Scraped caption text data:

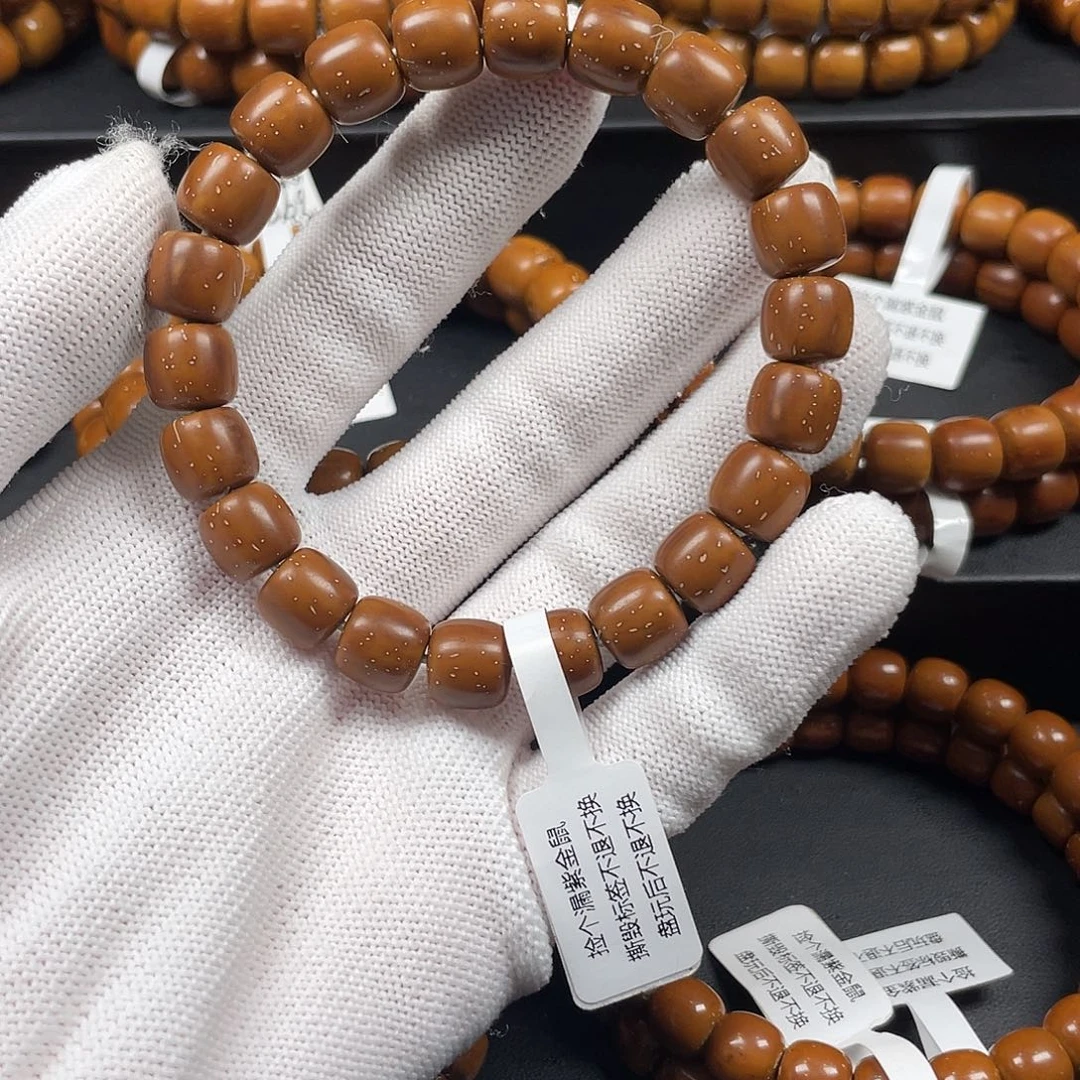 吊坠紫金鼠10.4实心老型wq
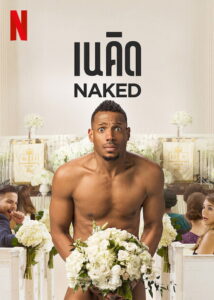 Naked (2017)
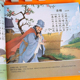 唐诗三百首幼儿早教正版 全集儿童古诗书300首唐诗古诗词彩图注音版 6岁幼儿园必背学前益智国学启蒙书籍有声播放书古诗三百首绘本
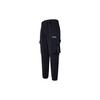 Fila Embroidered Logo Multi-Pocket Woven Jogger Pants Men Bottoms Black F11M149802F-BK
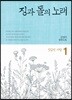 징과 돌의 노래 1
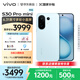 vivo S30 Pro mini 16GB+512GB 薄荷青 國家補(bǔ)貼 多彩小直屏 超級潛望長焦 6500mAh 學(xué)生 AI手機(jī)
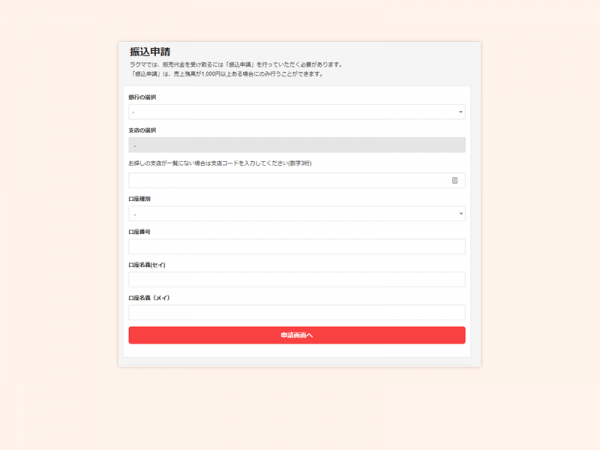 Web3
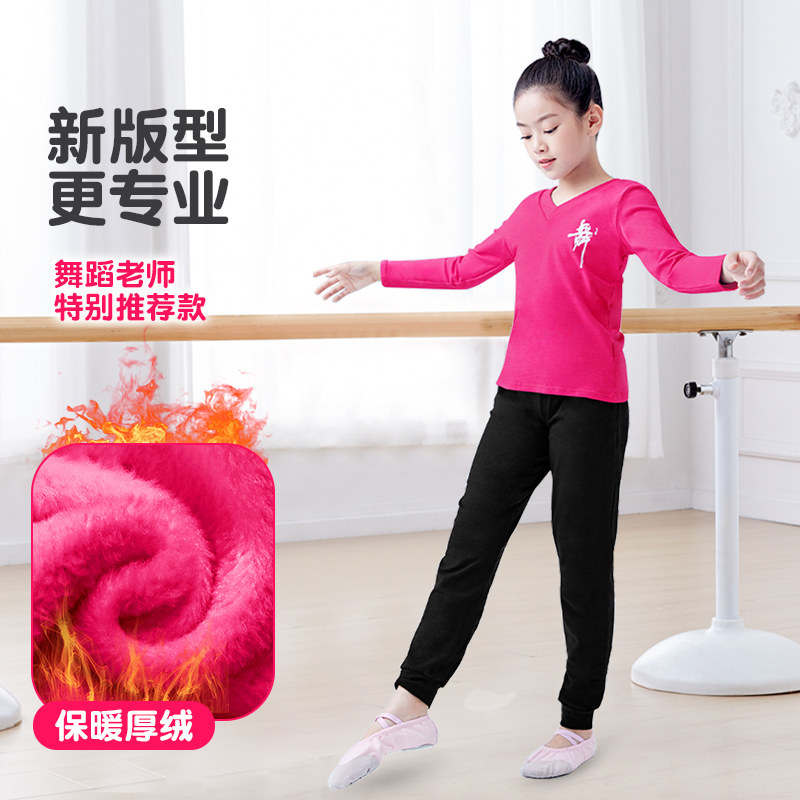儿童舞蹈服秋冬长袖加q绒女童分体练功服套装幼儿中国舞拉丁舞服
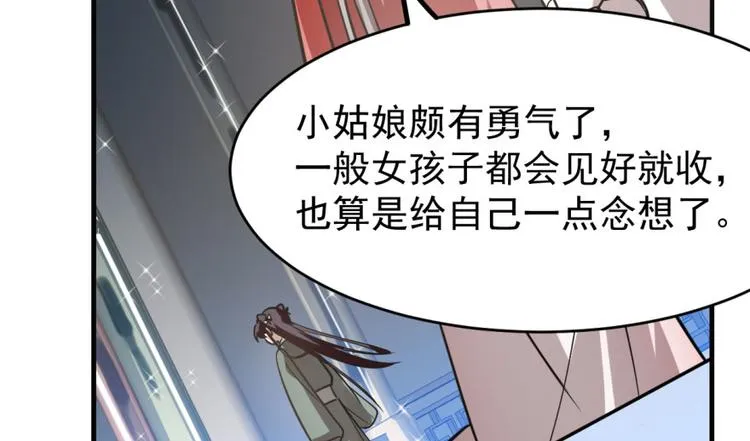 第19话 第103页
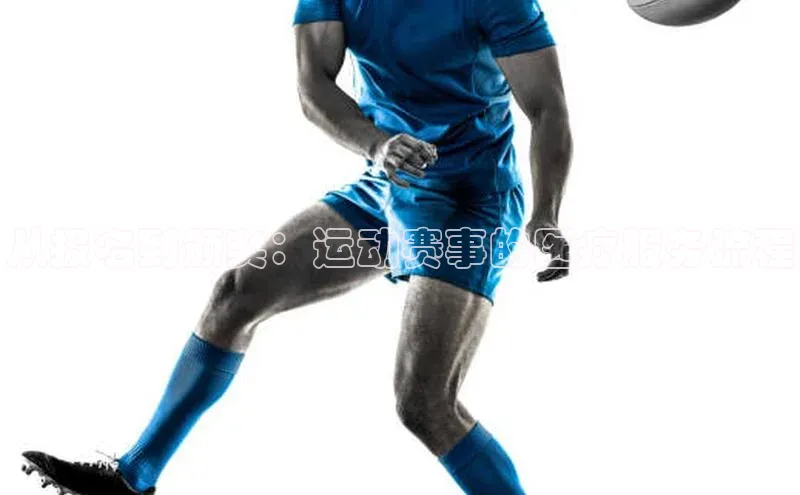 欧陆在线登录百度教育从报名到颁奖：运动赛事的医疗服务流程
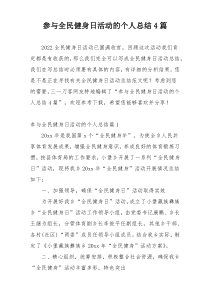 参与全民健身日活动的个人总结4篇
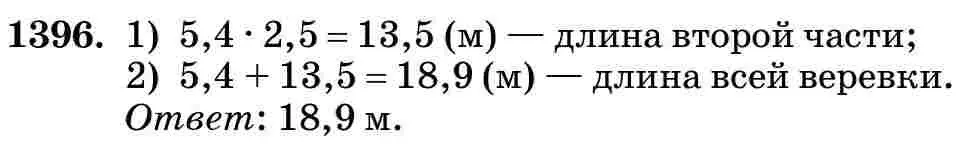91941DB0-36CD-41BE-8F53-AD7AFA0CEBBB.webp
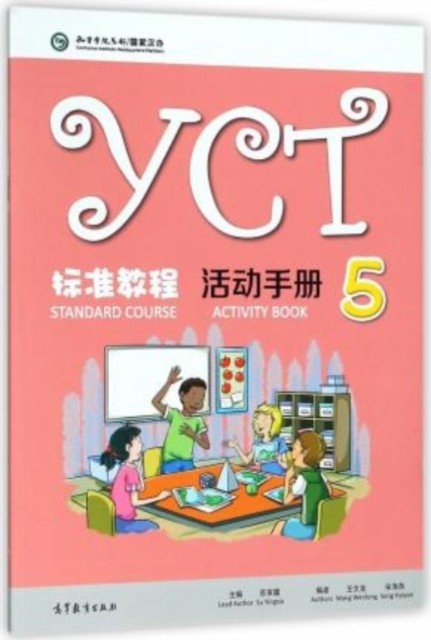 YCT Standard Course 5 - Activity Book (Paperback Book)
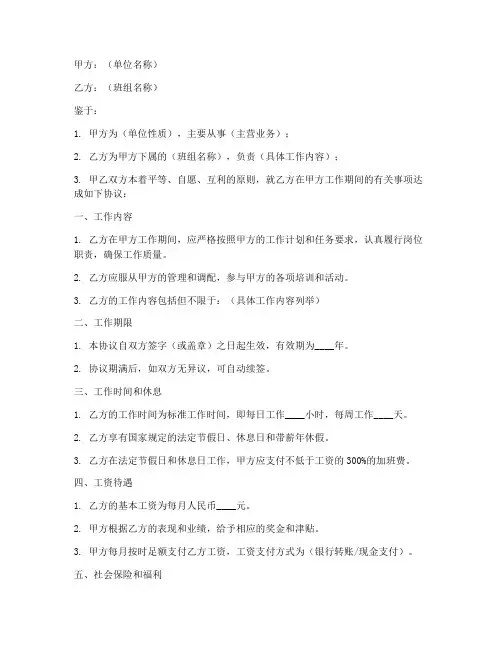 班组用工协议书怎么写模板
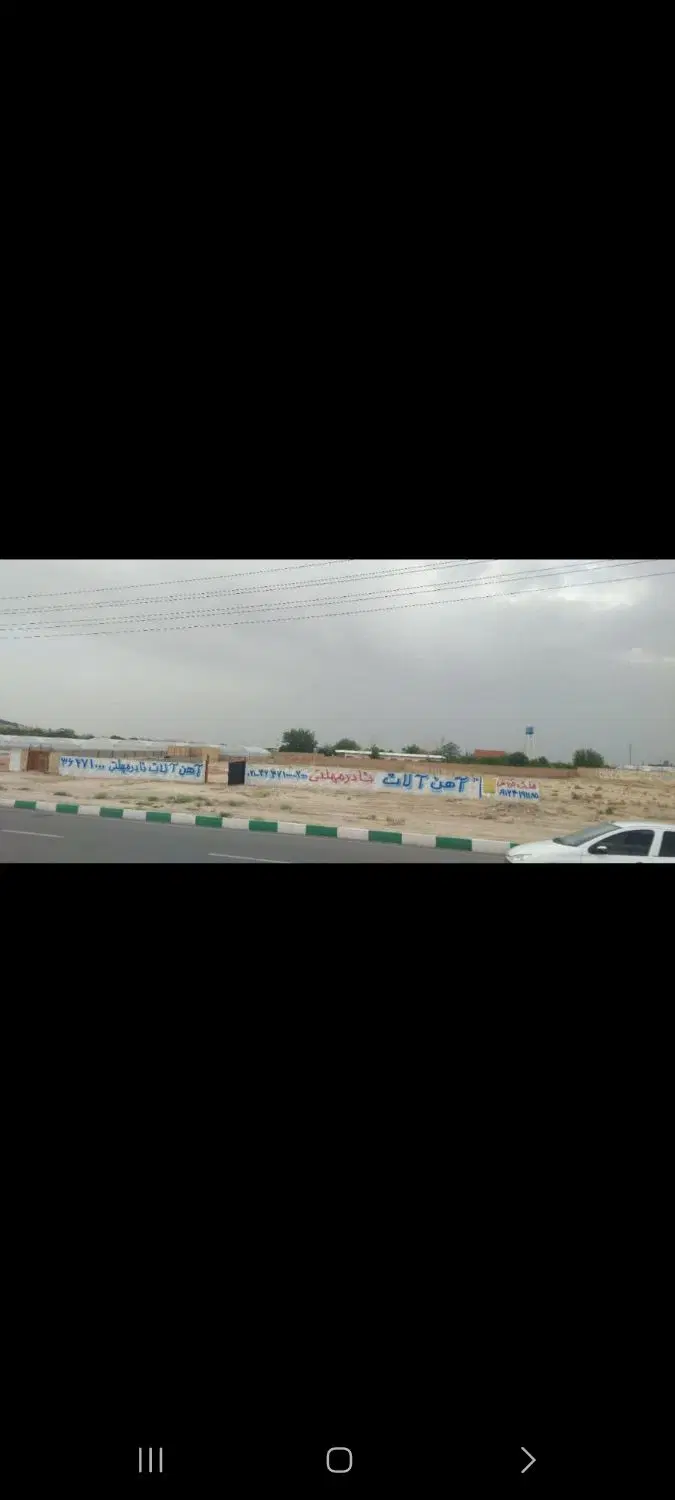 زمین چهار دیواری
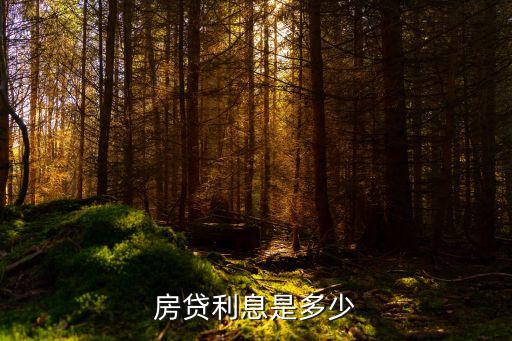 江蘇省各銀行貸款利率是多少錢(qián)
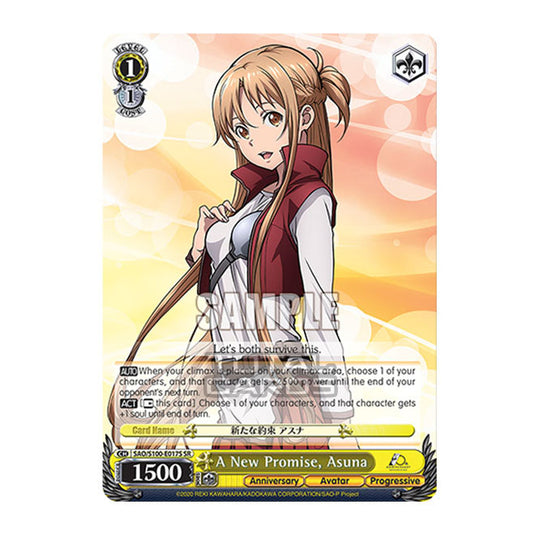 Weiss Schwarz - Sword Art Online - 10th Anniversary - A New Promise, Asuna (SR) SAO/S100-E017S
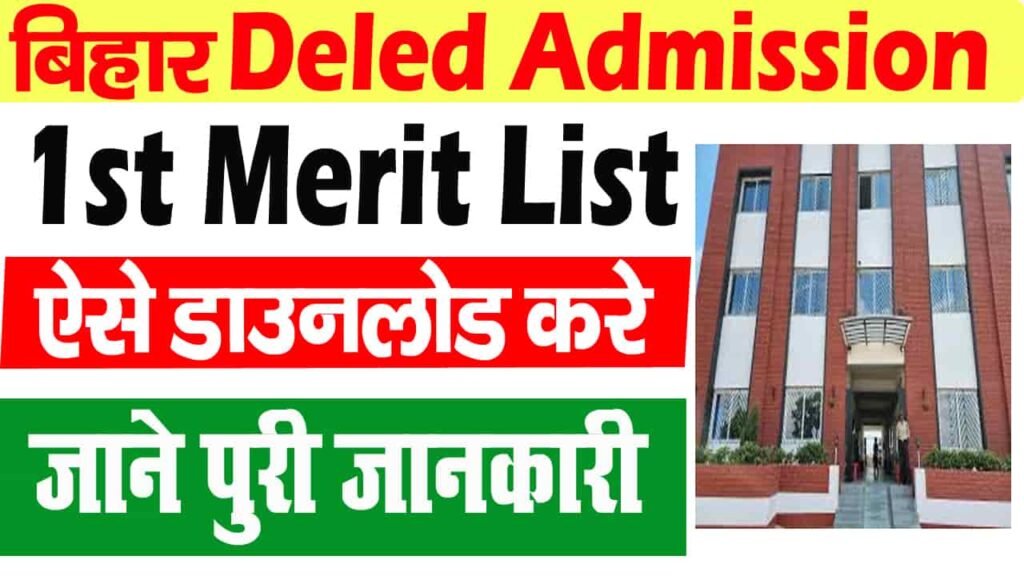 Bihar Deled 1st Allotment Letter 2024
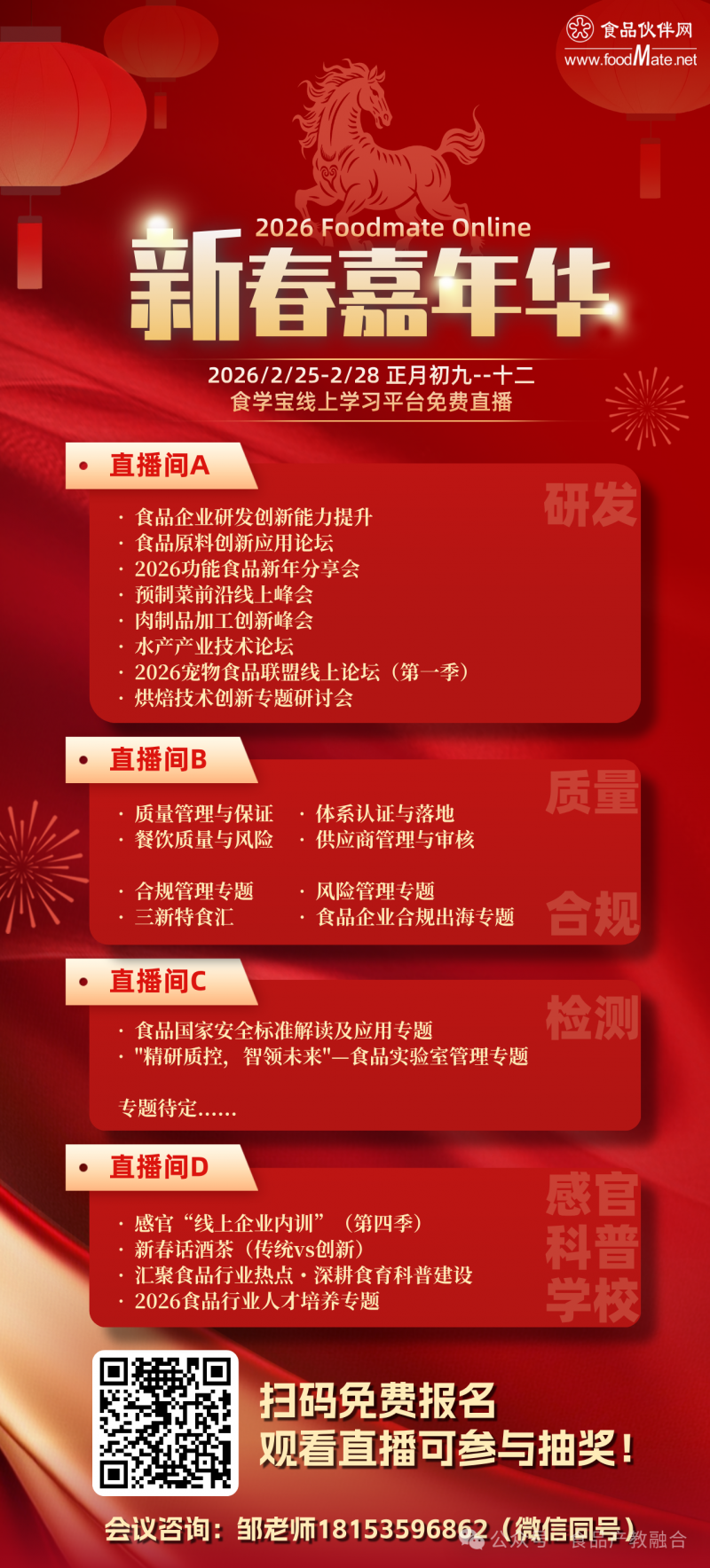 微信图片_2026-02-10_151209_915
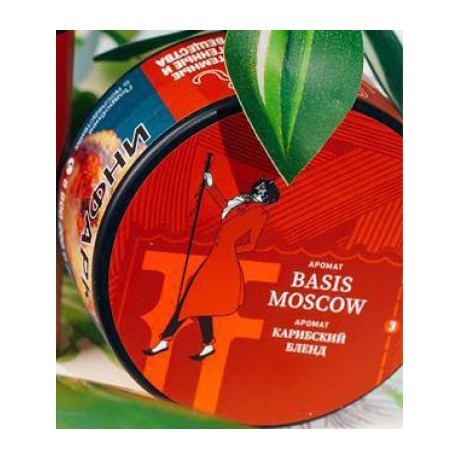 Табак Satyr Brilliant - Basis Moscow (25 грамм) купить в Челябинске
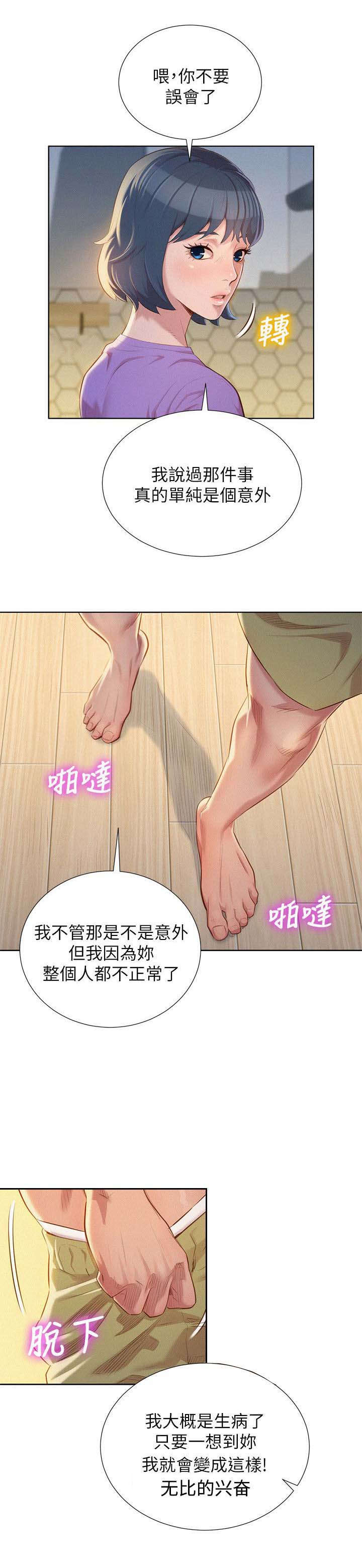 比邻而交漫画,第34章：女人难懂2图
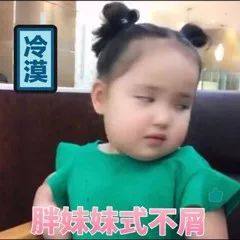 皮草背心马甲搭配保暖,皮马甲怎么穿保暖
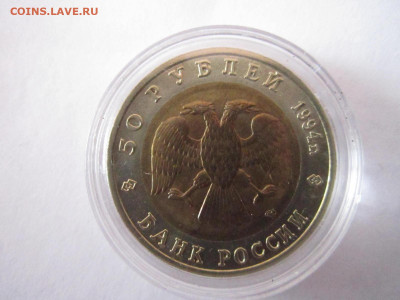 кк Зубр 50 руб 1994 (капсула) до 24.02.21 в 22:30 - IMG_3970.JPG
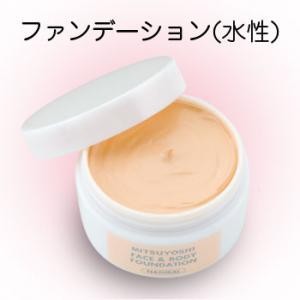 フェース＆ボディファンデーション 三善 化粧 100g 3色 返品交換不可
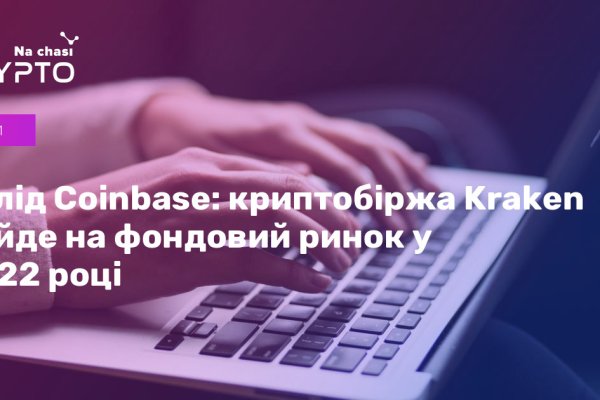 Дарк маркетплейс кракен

WHAT NEEDS TO BE DONE: All records above need to be returned exactly. Omit the pictures.

SOLVED PROBLEM:
 吊坠紫金鼠10.4实心老型wq
 Naked (2017)
 唐诗三百首幼儿早教正版 全集儿童古诗书300首唐诗古诗词彩图注音版 6岁幼儿园必背学前益智国学启蒙书籍有声播放书古诗三百首绘本
 Fila Embroidered Logo Multi-Pocket Woven Jogger Pants Men Bottoms Black F11M149802F-BK
 징과 돌의 노래 1
 vivo S30 Pro mini 16GB+512GB 薄荷青 國家補(bǔ)貼 多彩小直屏 超級潛望長焦 6500mAh 學(xué)生 AI手機(jī)
 Web3
儿童舞蹈服秋冬长袖加q绒女童分体练功服套装幼儿中国舞拉丁舞服
 第19话 第103页
 欧陆在线登录百度教育从报名到颁奖：运动赛事的医疗服务流程
 参与全民健身日活动的个人总结4篇
91941DB0-36CD-41BE-8F53-AD7AFA0CEBBB.webp
 YCT Standard Course 5 - Activity Book (Paperback Book)
 班组用工协议书怎么写模板
 زمین چهار دیواری
 江蘇省各銀行貸款利率是多少錢(qián)
 Weiss Schwarz - Sword Art Online - 10th Anniversary - A New Promise, Asuna (SR) SAO/S100-E017S
 Bihar Deled 1st Allotment Letter 2024
 微信图片_2026-02-10_151209_915
 Табак Satyr Brilliant - Basis Moscow (25 грамм) купить в Челябинске
 比邻而交漫画,第34章：女人难懂2图
 皮草背心马甲搭配保暖,皮马甲怎么穿保暖
 кк Зубр 50 руб 1994 (капсула) до 24.02.21 в 22:30 - IMG_3970.JPG
 フェース＆ボディファンデーション 三善 化粧 100g 3色 返品交換不可
 Дарк маркетплейс кракен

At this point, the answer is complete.